Toutes les manœuvres politiques auxquelles nous avons assistées lors des sénatoriales, même reléguées aujourd’hui dans le passé, nous ont suffisamment renseignées, malgré les dénégations des uns, sur la réalité profonde de notre scène politique. Aujourd’hui, le sénat est là, seul son apport dans la vie parlementaire et ses perspectives dans l’avenir politique de notre pays importe.
Dans la loi le Sénat représente les collectivités territoriales décentralisées, il concoure à l’initiative des lois, il participe à l’examen des projets et des propositions de loi et il contrôle l’action gouvernementale. Il peut apporter des amendements ou rejeter tout ou partie des textes soumis à son examen. Mais en cas de rejet (par une majorité de la chambre haute) d’une proposition ou d’un projet de loi, le président de la République peut :
- soit demander à l’Assemblée nationale de statuer définitivement ;
- soit de déclarer caduc le projet ou la proposition de loi. (1)
Dans ces circonstances où la prédominance législative appartient à l’Assemblée nationale, ne serions nous pas tentés d’affirmer qu’en dehors de son rôle de modération, et de sa représentation des collectivités territoriales décentralisées, encore à déterminer exactement, l’importance effective du Sénat kamerunais que cherchent à comprendre certains compatriotes, se retrouve aussi dans le questionnement de l’ancien Haut commissaire du Royaume Uni au Kamerun, Bharat Joshi : « Nous attendons de voir quel sera son rôle. Parce qu’en ce qui nous concerne, jusqu’à maintenant, rien n’est très clair à ce sujet. Qu’est ce que le Sénat va faire et comment ça va être différent de ce que fait l’Assemblée nationale ou les autres institutions du pays ? (…) », et il continue : « Le conseil est celui d’avoir un rôle très clair pour le Sénat qui montre vraiment que celui-ci est très important et positif.
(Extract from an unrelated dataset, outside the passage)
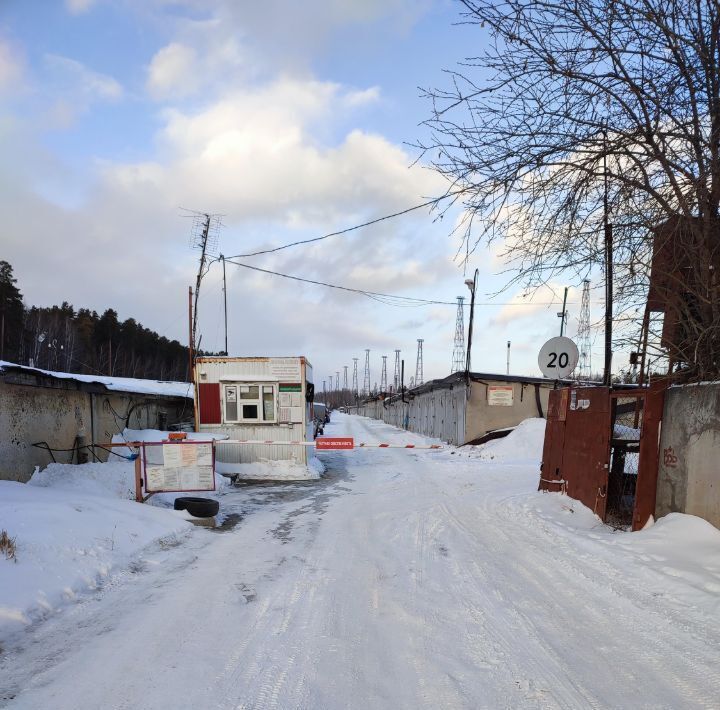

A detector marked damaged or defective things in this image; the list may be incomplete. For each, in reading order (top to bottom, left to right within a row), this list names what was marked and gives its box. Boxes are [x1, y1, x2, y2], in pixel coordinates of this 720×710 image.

rusty metal gate [540, 384, 664, 528]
Qu’il va ajouter voire améliorer la gouvernance du pays et non freiner le développement. C’est là quelque chose que nous attendons. » (2).
Ce questionnement prend toute son amplitude, lorsque nous savons le forcing de Paul Biya pour son installation, au vue du contexte de non existence des Conseils régionaux et des conseillers municipaux dont le mandat électif était déjà périmé. Et surtout du coût financier que le Sénat va engendrer dans le budget national.
La pertinence de ce questionnement taraude même le très gouvernemental « Cameroon Tribune », sous la plume de Marie-Claire Nnana : «Les sénateurs auront donc à démontrer l’utilité du Sénat, à travers la perception qu’ils auront eux-mêmes de leur
fonction, la plus-value que celle-ci apportera, ou non, au fonctionnement démocratique» (3).
Non, ce n’est point une question de mise en valeur personnelle, puisque ce n’est pas par une perception individuelle qu’ils sont devenus sénateurs. Mais par des textes constitutionnels qui demeurent, malheureusement, moins clairs et utilitaires…
Mais la controverse sur la nécessité et l’importance du Sénat a été éclipsée un moment, seule la recherche personne qui siègera à sa présidence fut significative. Sachant de par la loi que cette personne est la deuxième personnalité de l’Etat et qu’en cas de vacance de pouvoir le président du Sénat devient le président intérimaire de l’Etat kamerunais.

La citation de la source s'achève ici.